0:20:27.9 Maia Szalavitz: Right, and that’s the thing that people don’t understand about opioids and maintenance in particular, and it’s an important point because basically if you take the same dose of Methadone or heroin or Buprenorphine or OxyContin at the same time every day, you will end up having a complete tolerance to the intoxicating effects of the drug, so in other words, you won’t be impaired, you can drive, you can do all of these other things.

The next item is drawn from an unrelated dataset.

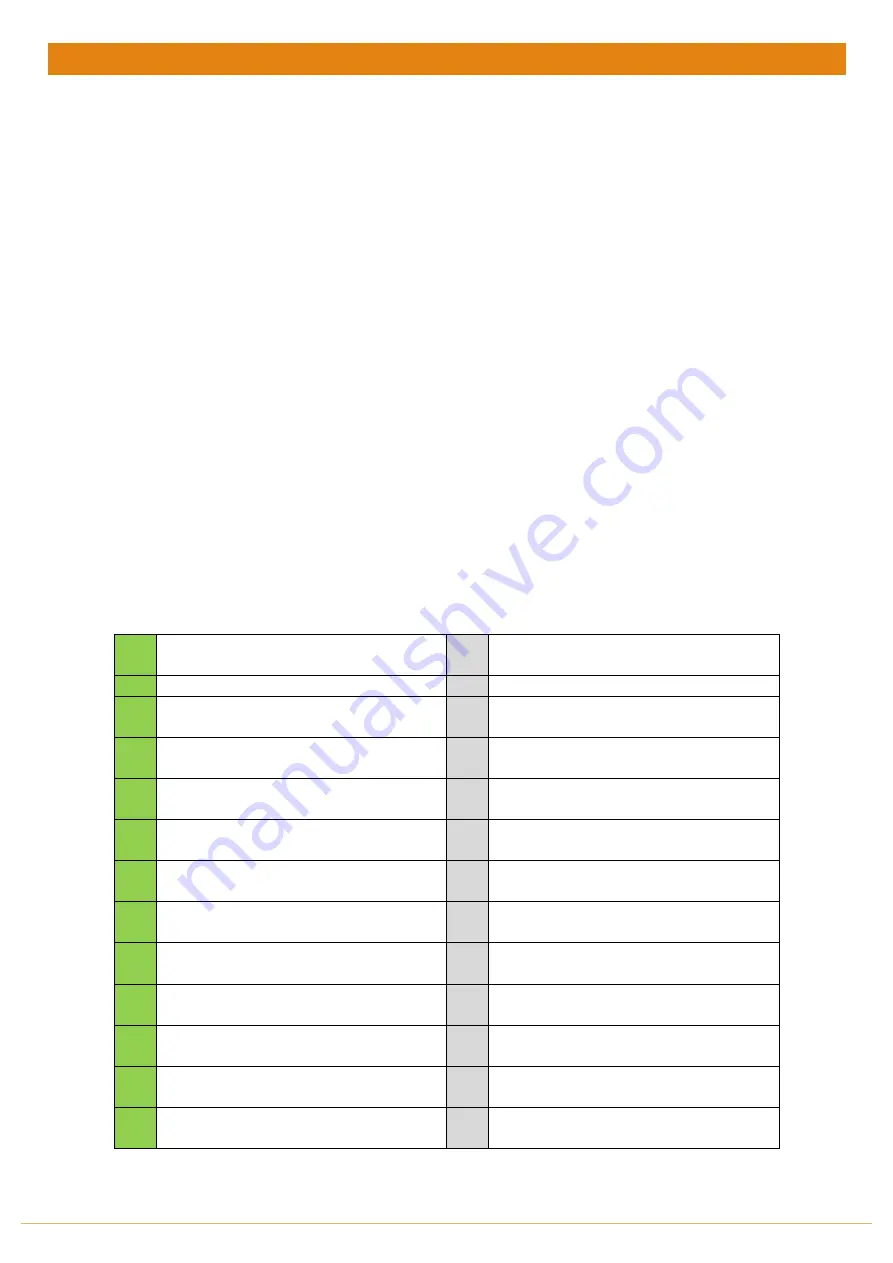 FARMSCAN Jackal Manual Download Page 49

So but people think like, their reference point is alcohol, and yeah, I can maintain somebody on alcohol and they’ll be less impaired than they would be if they were taking it irregularly in varying doses, but they’ll still be impaired, but this is not the case with opioids, and this is why you can have somebody who’s on heroin for 40 years and you can’t tell them from anybody else.

0:21:21.6 Aaron Ross Powell: It seems then that we have this problem of effectively cultural pictures of addicts because… And I wonder how much this is driven by the lack of legality, that with alcohol, we know what an alcoholic looks like and the person who just is constantly drunk and violent and non-​functioning alcoholic, but we also know about all sorts of other people who use alcohol because it’s not illegal, and people use it openly, publicly, regularly, and have a glass or two of wine each night and are fine, and we know what alcohol use looks like across that spectrum, but the illegality of the illegal drugs means that basically we’re only aware of the people who are at the extreme of just dysfunctionality from it, the functional ones are hiding it.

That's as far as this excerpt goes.